A legal challenge by a group of eight travellers to their repeated eviction has ended in failure.
The eight travellers had attacked a Crawley Borough Council policy said to have led to their families being evicted hundreds of times with still no official site created for them to live on lawfully.
But Mr Justice Burton ruled at the High Court in London yesterday that there was nothing unlawful or unreasonable in the council's stance. It had not breached the human rights of the travellers, he said.
However, he banned the council from taking legal action to evict them immediately from Dalewood Gardens pending moves to appeal against the decision.
He gave them ten working days to lodge an appeal. If they do so, the ban on the council moving them off the site will then run until the Appeal Court has heard their application for permission to appeal.
The judge said that the problems of the travellers stemmed from a national shortage of appropriate sites, and added that until Government strategies designed to improve that situation kicked in, there was "no answer, at any rate in Crawley, to the claimants' needs".
The travellers, led by James Casey, had asked him to rule that the council's latest moves to evict them from Dalewood Gardens and Bewbush West Playing Fields were unlawful.

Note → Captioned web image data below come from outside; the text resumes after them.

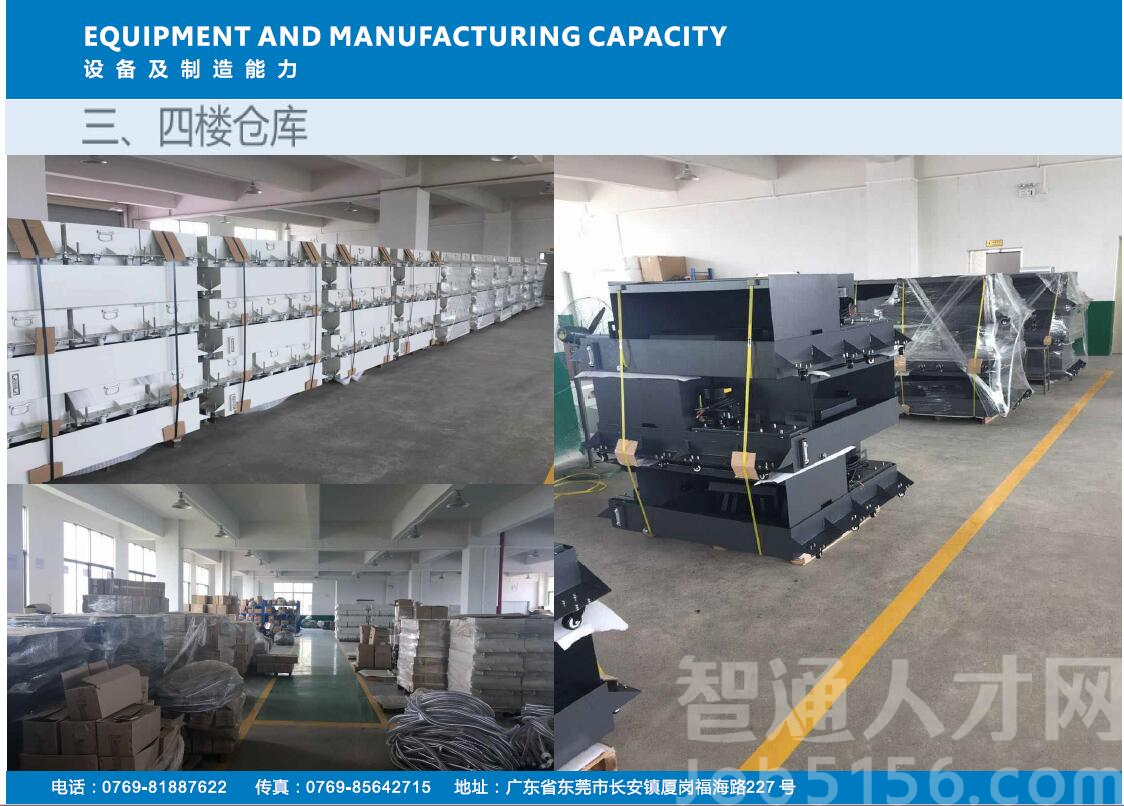 东莞市威立泰五金机械有限公司图6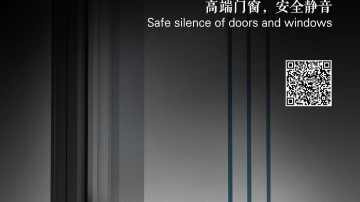 NC76A欧式系统窗
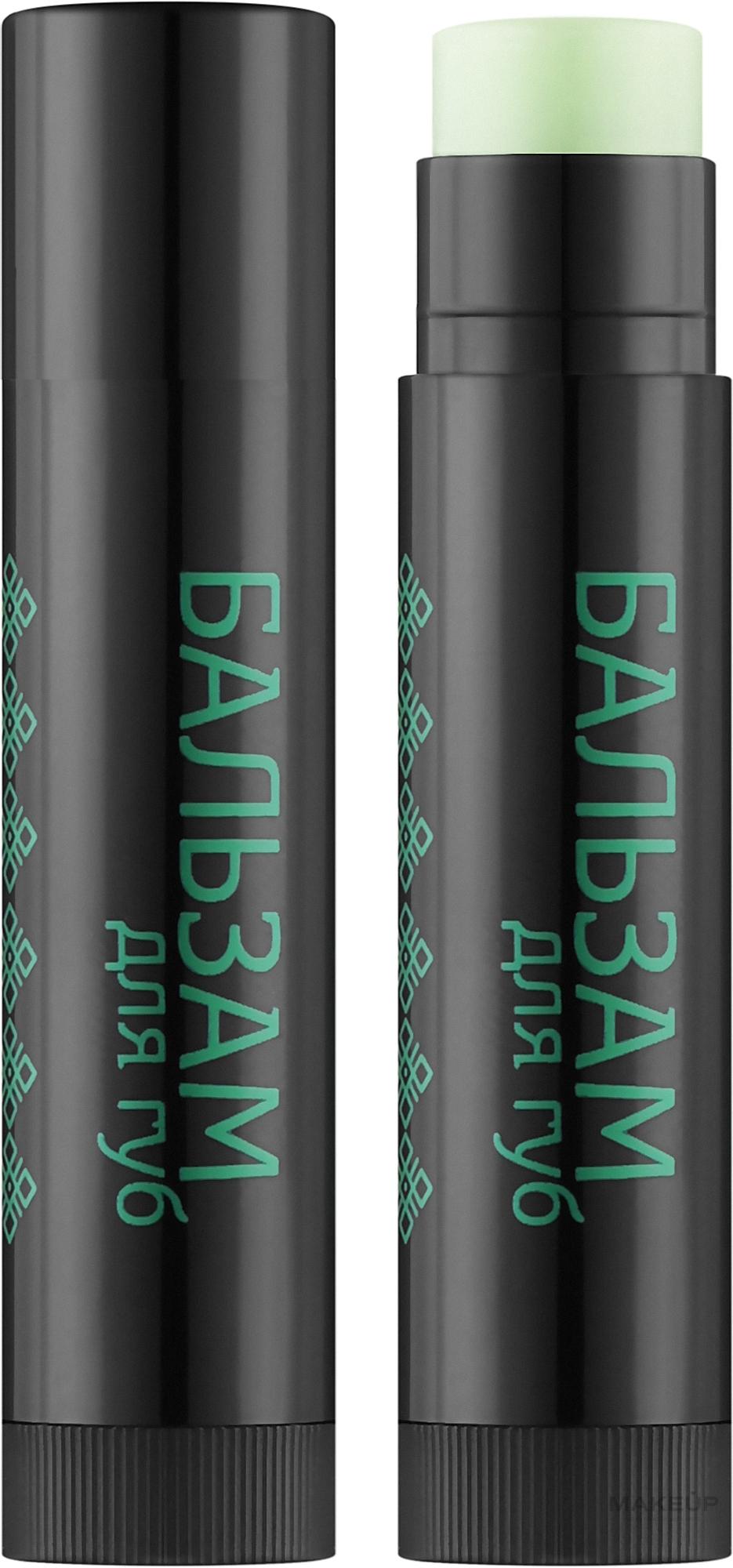 Balsam do ust - Colour Intense x Mavka Lip Balm — Zdjęcie 01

Although the claimants and their families are now all living on Dalewood Gardens, following attacks by local residents at the Bewbush site, they challenged the council's decision to launch possession proceedings last September in respect of both sites.
In his decision backing the council's stance, the judge said: "There is plainly a total stand-off. The defendant has an absolute legal entitlement to the land and the claimants have no legal entitlement to occupation."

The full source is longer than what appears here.